── Information shown ──

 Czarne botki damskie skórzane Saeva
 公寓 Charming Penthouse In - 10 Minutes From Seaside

───
── Information shown ──

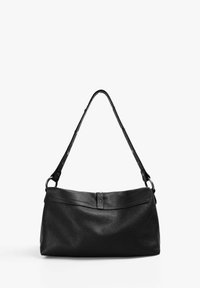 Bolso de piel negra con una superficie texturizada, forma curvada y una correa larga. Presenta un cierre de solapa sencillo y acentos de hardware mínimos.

───

• _Task directions_
Given the records above, reproduce precisely and only the lines between the line holding "Czarne botki damskie skórzane Saeva" and the line holding "公寓 Charming Penthouse", inclusive.

• _Output below_
 Czarne botki damskie skórzane Saeva
 公寓 Charming Penthouse In - 10 Minutes From Seaside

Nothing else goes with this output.